> **Task goal**
Exclude the pictures, then quote exactly the lines from the one holding "Pep Guardiola | Handcrafted Birthday Card" through the last line of the records.
——————
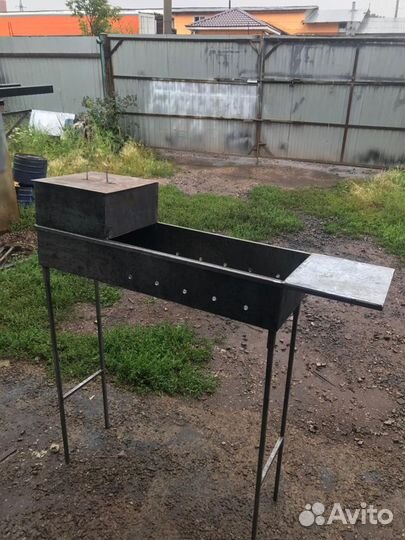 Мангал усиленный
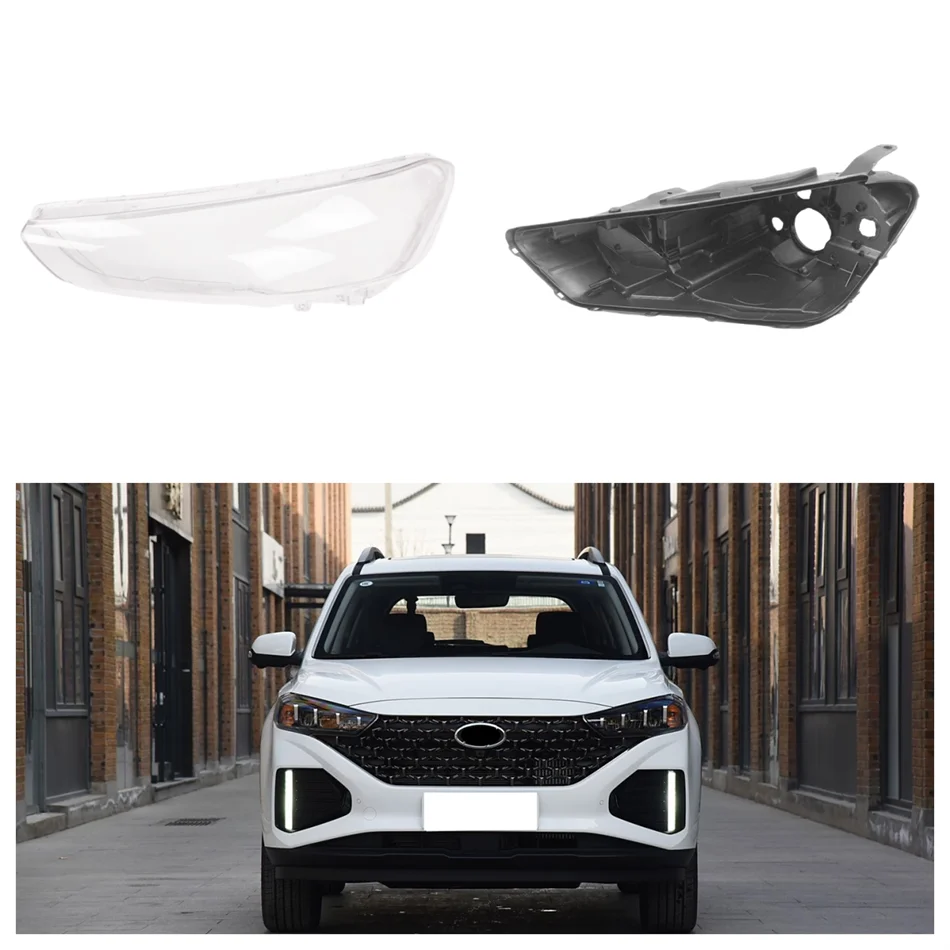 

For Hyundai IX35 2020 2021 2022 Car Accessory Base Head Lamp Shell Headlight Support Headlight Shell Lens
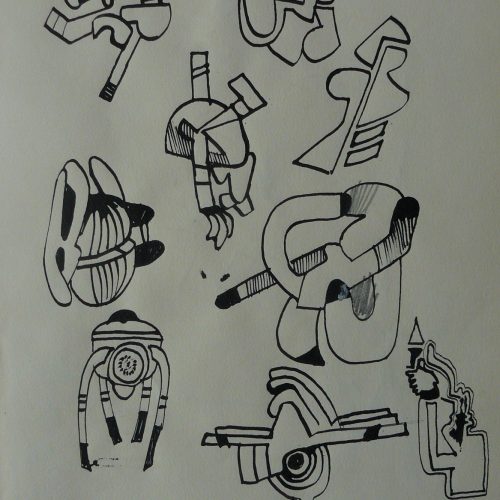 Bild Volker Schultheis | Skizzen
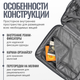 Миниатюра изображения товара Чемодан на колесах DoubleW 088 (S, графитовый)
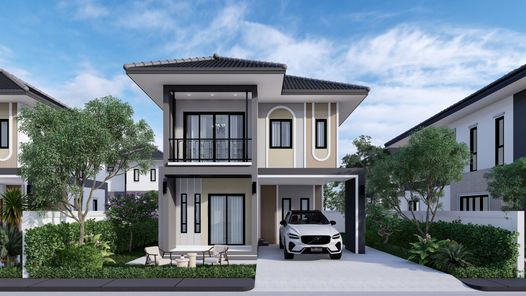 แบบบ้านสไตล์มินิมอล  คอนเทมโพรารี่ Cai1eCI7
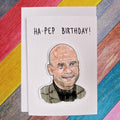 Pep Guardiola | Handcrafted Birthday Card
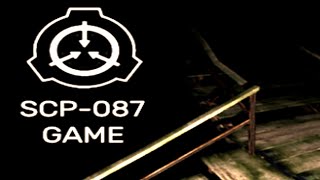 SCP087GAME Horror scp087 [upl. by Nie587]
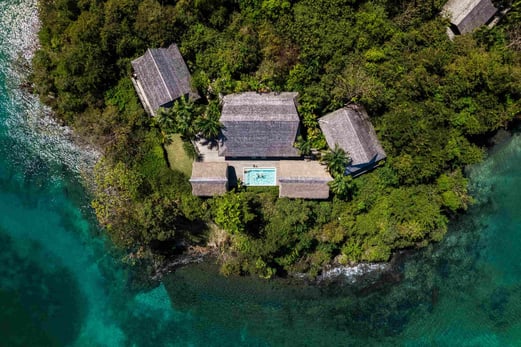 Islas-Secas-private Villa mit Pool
——————
> **Reply to the exercise**
 Pep Guardiola | Handcrafted Birthday Card
 SCP087GAME Horror scp087 [upl. by Nie587]
 Islas-Secas-private Villa mit Pool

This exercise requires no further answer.